#### [EXERCISE DIRECTIONS]
Pictures stay out of the copy. Transcribe exactly, and only, the line with "النفط يهبط دون" through the last line of the entries below.

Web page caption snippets
▼

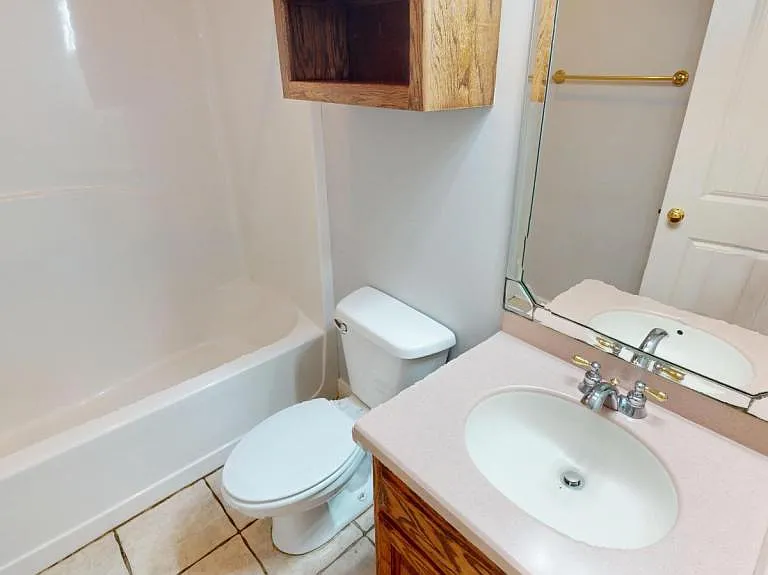808 Dixie Dr — Photo 8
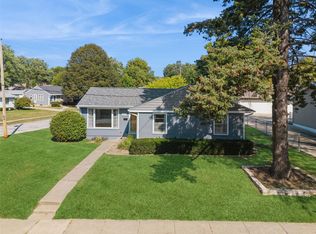 2009 Vine St, West Des Moines, IA 50265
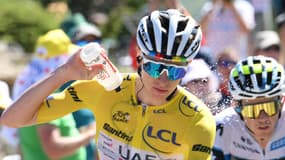 Tadej Pogacar se rafraîchit sur le Tour de France, le 22 juillet 2025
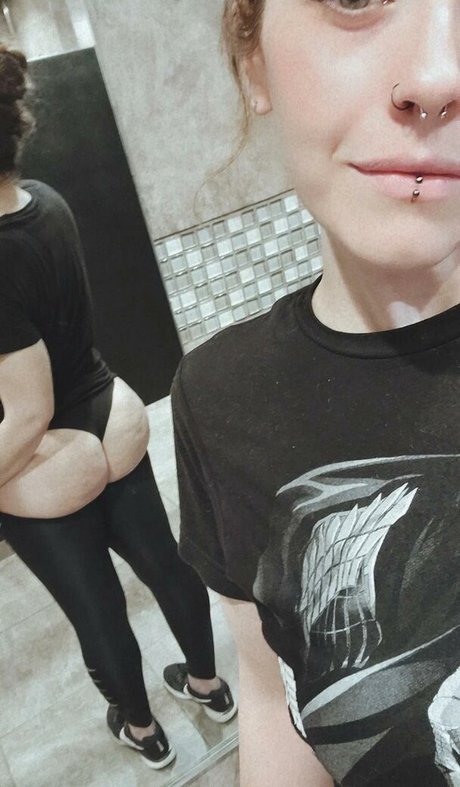 Nacktes geleaktes OnlyFans-Foto von Planetfitbritt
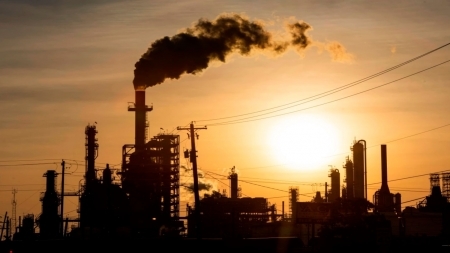 النفط يهبط دون 80 دولارًا ويصل إلى أدنى مستوى في 8 أشهر مع تصاعد مخاوف الركود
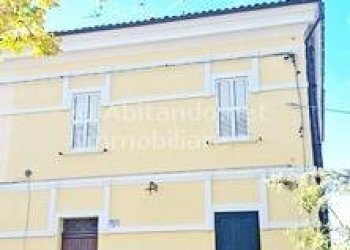 Foto 1 - Quadrilocale Viale San Francesco, Penne - foto 1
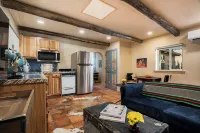 Steps to the Historic Santa Fe Plaza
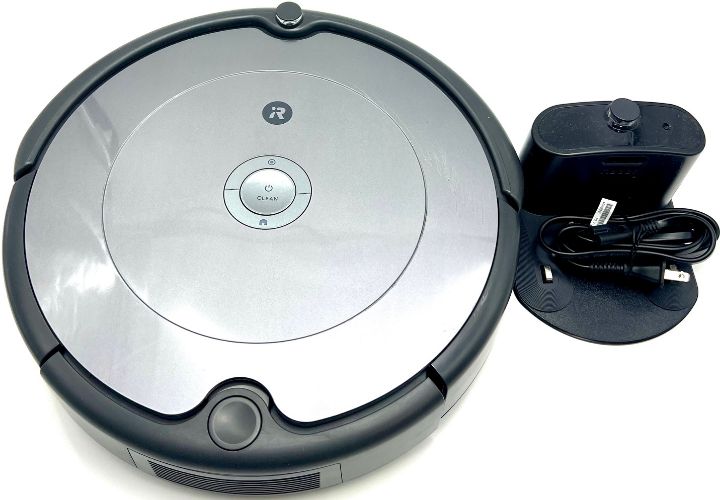 iRobot Roomba 676 WiFi Connected Robot Vacuum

▲

#### [RESULT]
 النفط يهبط دون 80 دولارًا ويصل إلى أدنى مستوى في 8 أشهر مع تصاعد مخاوف الركود
 Foto 1 - Quadrilocale Viale San Francesco, Penne - foto 1
 Steps to the Historic Santa Fe Plaza
 iRobot Roomba 676 WiFi Connected Robot Vacuum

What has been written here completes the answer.